Allow pinning parallel clusters on one host #5536

Martchus · 2024-03-19T17:53:00Z

See contained documentation change
See https://progress.opensuse.org/issues/135035

A draft because I still need to extend unit tests. Possibly the big function should also be split. It got a little bit involved but I think the algorithm works without being a full-blown SAT solver. You might want to read the test code first (before the implementation) to see what the difficulty here actually is.

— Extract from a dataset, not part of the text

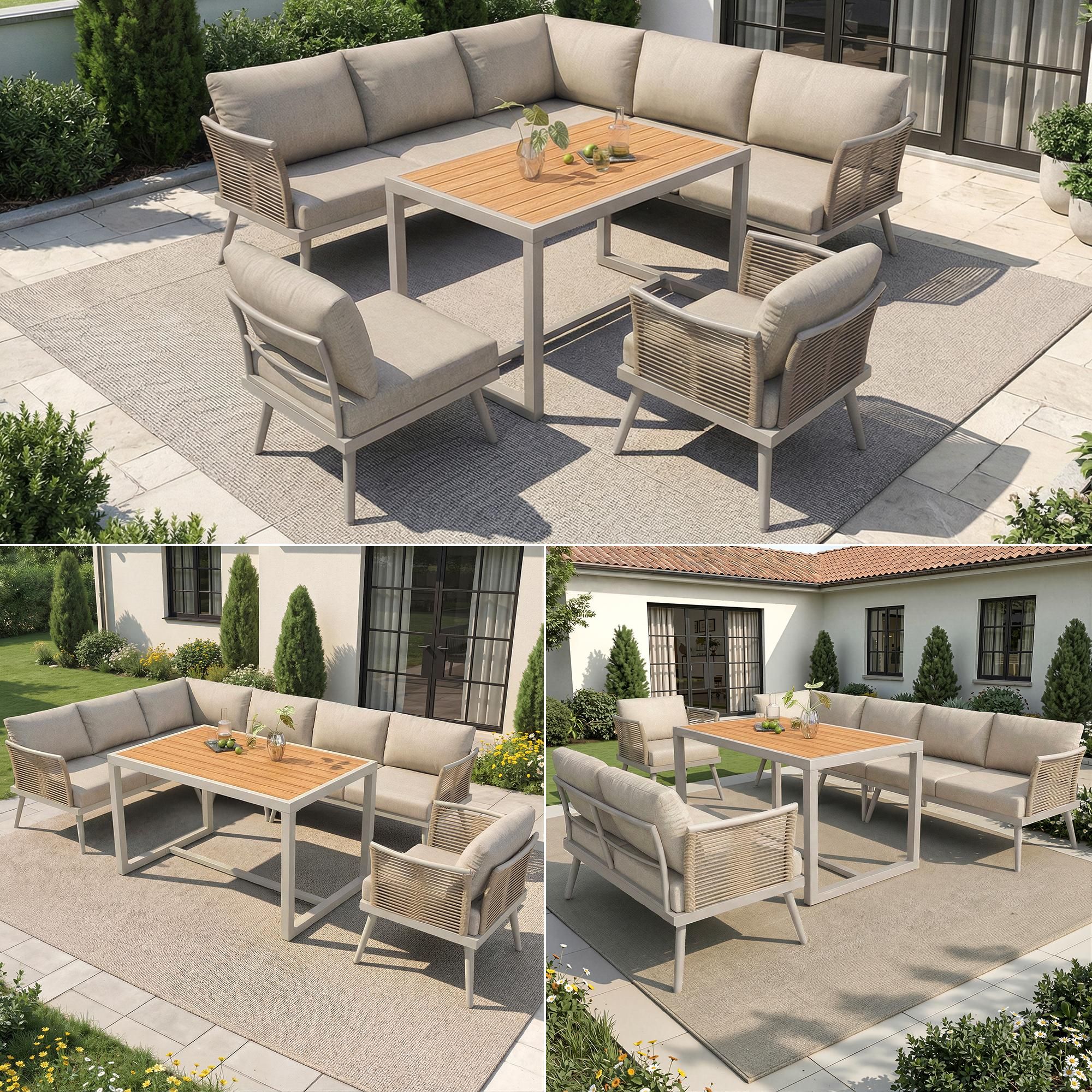 Flieks Gartenmöbel-Sets 6-tlg., Gartensofa mit Ecksofa, Stuhl und Tisch, Gartenloungeset Loungemöbel für 7 Personen, Gartengarnitur Sofagarnitur Beige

github-actions · 2024-03-19T17:53:19Z

Great PR! Please pay attention to the following items before merging:

Files matching docs/*.asciidoc:

Consider generating documentation locally to verify it is rendered correctly using tools/generate-docs

This is an automatically generated QA checklist based on modified files.

okurz

oh geez, I have no idea what your very elaborate algorithm is doing :D

only trivial questions or corrections. The majority of the change I did not really want to dive into … yet

docs/WritingTests.asciidoc

lib/OpenQA/Scheduler/Model/Jobs.pm

t/04-scheduler.t

Martchus · 2024-03-19T22:44:42Z

oh geez, I have no idea what your very elaborate algorithm is doing :D

After thinking about it further I must admit that the algorithm is probably also not able to sort out all sorts of inputs. I guess for that we'd really needed a full SAT solver. However, I hope it is sufficient for our purposes. Actually I suppose we don't even have cases as complicated as the one in the unit test in production. The worst case is that jobs won't be scheduled although they could be scheduled if one mixes up worker classes within a scenario too wildely and then we can still improve the algorithm (with TDD by first adding unit tests according to that production scenaio).

lib/OpenQA/Scheduler/Model/Jobs.pm

codecov · 2024-03-22T14:54:07Z

Codecov Report

All modified and coverable lines are covered by tests ✅

Project coverage is 98.39%. Comparing base (c4f7601) to head (9a0115e).
Report is 2 commits behind head on master.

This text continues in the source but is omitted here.